Work order. Give back the full listing, exactly as it is.

************

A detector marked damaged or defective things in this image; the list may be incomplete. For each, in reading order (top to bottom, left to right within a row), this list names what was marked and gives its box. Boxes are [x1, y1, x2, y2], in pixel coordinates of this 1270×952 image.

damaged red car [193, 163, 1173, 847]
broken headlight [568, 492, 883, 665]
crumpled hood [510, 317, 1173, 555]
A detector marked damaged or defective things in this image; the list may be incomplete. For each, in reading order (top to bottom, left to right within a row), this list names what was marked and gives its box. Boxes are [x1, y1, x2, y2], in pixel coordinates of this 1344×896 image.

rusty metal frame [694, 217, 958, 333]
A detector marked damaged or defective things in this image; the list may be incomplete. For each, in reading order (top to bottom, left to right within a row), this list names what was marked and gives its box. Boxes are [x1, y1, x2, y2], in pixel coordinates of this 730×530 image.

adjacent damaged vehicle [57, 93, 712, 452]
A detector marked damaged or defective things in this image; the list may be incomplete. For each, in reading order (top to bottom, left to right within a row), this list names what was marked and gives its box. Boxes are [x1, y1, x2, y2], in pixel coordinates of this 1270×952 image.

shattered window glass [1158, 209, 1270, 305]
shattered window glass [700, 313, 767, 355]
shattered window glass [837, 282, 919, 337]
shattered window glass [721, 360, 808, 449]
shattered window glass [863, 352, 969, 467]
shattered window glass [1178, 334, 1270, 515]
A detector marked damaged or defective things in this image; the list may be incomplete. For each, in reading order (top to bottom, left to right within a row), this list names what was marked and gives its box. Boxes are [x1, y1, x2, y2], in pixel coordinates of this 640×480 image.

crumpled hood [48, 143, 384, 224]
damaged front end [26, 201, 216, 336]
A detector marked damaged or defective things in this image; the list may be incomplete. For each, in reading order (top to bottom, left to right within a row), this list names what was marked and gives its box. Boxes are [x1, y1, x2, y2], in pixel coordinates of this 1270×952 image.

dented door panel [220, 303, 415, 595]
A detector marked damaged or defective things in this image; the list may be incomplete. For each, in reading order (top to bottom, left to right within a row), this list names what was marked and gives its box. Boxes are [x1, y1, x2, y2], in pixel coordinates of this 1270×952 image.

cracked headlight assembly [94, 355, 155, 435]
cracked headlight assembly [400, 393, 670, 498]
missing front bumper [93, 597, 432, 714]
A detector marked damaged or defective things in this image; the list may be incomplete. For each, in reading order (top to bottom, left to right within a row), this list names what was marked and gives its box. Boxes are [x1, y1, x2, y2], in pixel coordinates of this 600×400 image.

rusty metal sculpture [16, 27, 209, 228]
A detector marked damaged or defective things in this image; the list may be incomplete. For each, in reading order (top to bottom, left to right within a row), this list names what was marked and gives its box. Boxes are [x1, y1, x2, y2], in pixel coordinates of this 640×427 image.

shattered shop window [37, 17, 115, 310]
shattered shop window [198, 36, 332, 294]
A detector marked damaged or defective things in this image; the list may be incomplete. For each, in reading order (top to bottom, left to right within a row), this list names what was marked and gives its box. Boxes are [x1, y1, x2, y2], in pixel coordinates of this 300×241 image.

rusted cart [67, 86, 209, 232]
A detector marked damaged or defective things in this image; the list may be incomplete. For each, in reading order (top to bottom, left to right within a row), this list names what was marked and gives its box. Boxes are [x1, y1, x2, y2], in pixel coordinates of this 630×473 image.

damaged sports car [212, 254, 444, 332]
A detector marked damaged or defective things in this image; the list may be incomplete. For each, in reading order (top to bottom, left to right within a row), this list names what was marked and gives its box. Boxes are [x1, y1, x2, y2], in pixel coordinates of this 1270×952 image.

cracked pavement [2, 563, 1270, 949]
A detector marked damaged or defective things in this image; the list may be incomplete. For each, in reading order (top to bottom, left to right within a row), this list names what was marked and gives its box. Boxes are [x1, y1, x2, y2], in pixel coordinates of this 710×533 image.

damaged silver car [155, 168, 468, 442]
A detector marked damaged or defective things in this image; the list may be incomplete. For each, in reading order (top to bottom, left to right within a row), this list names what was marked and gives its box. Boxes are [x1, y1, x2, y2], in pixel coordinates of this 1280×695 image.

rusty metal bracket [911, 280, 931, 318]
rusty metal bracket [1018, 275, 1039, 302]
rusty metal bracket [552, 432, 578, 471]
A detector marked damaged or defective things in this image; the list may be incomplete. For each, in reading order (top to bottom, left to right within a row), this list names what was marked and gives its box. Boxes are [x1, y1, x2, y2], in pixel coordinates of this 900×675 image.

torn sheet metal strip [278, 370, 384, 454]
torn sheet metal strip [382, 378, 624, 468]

************

Result.
A detector marked damaged or defective things in this image; the list may be incomplete. For each, in reading order (top to bottom, left to right within a row), this list names what was marked and gives its box. Boxes are [x1, y1, x2, y2], in pixel coordinates of this 1270×952 image.

damaged red car [193, 163, 1173, 847]
broken headlight [568, 492, 883, 665]
crumpled hood [510, 317, 1173, 555]
A detector marked damaged or defective things in this image; the list may be incomplete. For each, in reading order (top to bottom, left to right within a row), this list names what was marked and gives its box. Boxes are [x1, y1, x2, y2], in pixel coordinates of this 1344×896 image.

rusty metal frame [694, 217, 958, 333]
A detector marked damaged or defective things in this image; the list may be incomplete. For each, in reading order (top to bottom, left to right within a row), this list names what was marked and gives its box. Boxes are [x1, y1, x2, y2], in pixel coordinates of this 730×530 image.

adjacent damaged vehicle [57, 93, 712, 452]
A detector marked damaged or defective things in this image; the list may be incomplete. For each, in reading order (top to bottom, left to right within a row), this list names what was marked and gives its box. Boxes are [x1, y1, x2, y2], in pixel coordinates of this 1270×952 image.

shattered window glass [1158, 209, 1270, 305]
shattered window glass [700, 313, 767, 355]
shattered window glass [837, 282, 919, 337]
shattered window glass [721, 360, 808, 449]
shattered window glass [863, 352, 969, 467]
shattered window glass [1178, 334, 1270, 515]
A detector marked damaged or defective things in this image; the list may be incomplete. For each, in reading order (top to bottom, left to right within a row), this list names what was marked and gives its box. Boxes are [x1, y1, x2, y2], in pixel coordinates of this 640×480 image.

crumpled hood [48, 143, 384, 224]
damaged front end [26, 201, 216, 336]
A detector marked damaged or defective things in this image; the list may be incomplete. For each, in reading order (top to bottom, left to right within a row), this list names what was marked and gives its box. Boxes are [x1, y1, x2, y2], in pixel coordinates of this 1270×952 image.

dented door panel [220, 303, 415, 595]
A detector marked damaged or defective things in this image; the list may be incomplete. For each, in reading order (top to bottom, left to right within a row), this list names what was marked and gives its box. Boxes are [x1, y1, x2, y2], in pixel coordinates of this 1270×952 image.

cracked headlight assembly [94, 355, 155, 435]
cracked headlight assembly [400, 393, 670, 498]
missing front bumper [93, 597, 432, 714]
A detector marked damaged or defective things in this image; the list may be incomplete. For each, in reading order (top to bottom, left to right within a row), this list names what was marked and gives its box. Boxes are [x1, y1, x2, y2], in pixel coordinates of this 600×400 image.

rusty metal sculpture [16, 27, 209, 228]
A detector marked damaged or defective things in this image; the list may be incomplete. For each, in reading order (top to bottom, left to right within a row), this list names what was marked and gives its box. Boxes are [x1, y1, x2, y2], in pixel coordinates of this 640×427 image.

shattered shop window [37, 17, 115, 310]
shattered shop window [198, 36, 332, 294]
A detector marked damaged or defective things in this image; the list may be incomplete. For each, in reading order (top to bottom, left to right within a row), this list names what was marked and gives its box. Boxes are [x1, y1, x2, y2], in pixel coordinates of this 300×241 image.

rusted cart [67, 86, 209, 232]
A detector marked damaged or defective things in this image; the list may be incomplete. For each, in reading order (top to bottom, left to right within a row), this list names what was marked and gives its box. Boxes are [x1, y1, x2, y2], in pixel coordinates of this 630×473 image.

damaged sports car [212, 254, 444, 332]
A detector marked damaged or defective things in this image; the list may be incomplete. For each, in reading order (top to bottom, left to right within a row), this list names what was marked and gives its box. Boxes are [x1, y1, x2, y2], in pixel coordinates of this 1270×952 image.

cracked pavement [2, 563, 1270, 949]
A detector marked damaged or defective things in this image; the list may be incomplete. For each, in reading order (top to bottom, left to right within a row), this list names what was marked and gives its box. Boxes are [x1, y1, x2, y2], in pixel coordinates of this 710×533 image.

damaged silver car [155, 168, 468, 442]
A detector marked damaged or defective things in this image; the list may be incomplete. For each, in reading order (top to bottom, left to right within a row), this list names what was marked and gives its box. Boxes are [x1, y1, x2, y2], in pixel coordinates of this 1280×695 image.

rusty metal bracket [911, 280, 931, 318]
rusty metal bracket [1018, 275, 1039, 302]
rusty metal bracket [552, 432, 578, 471]
A detector marked damaged or defective things in this image; the list may be incomplete. For each, in reading order (top to bottom, left to right within a row), this list names what was marked and gives its box. Boxes are [x1, y1, x2, y2], in pixel coordinates of this 900×675 image.

torn sheet metal strip [278, 370, 384, 454]
torn sheet metal strip [382, 378, 624, 468]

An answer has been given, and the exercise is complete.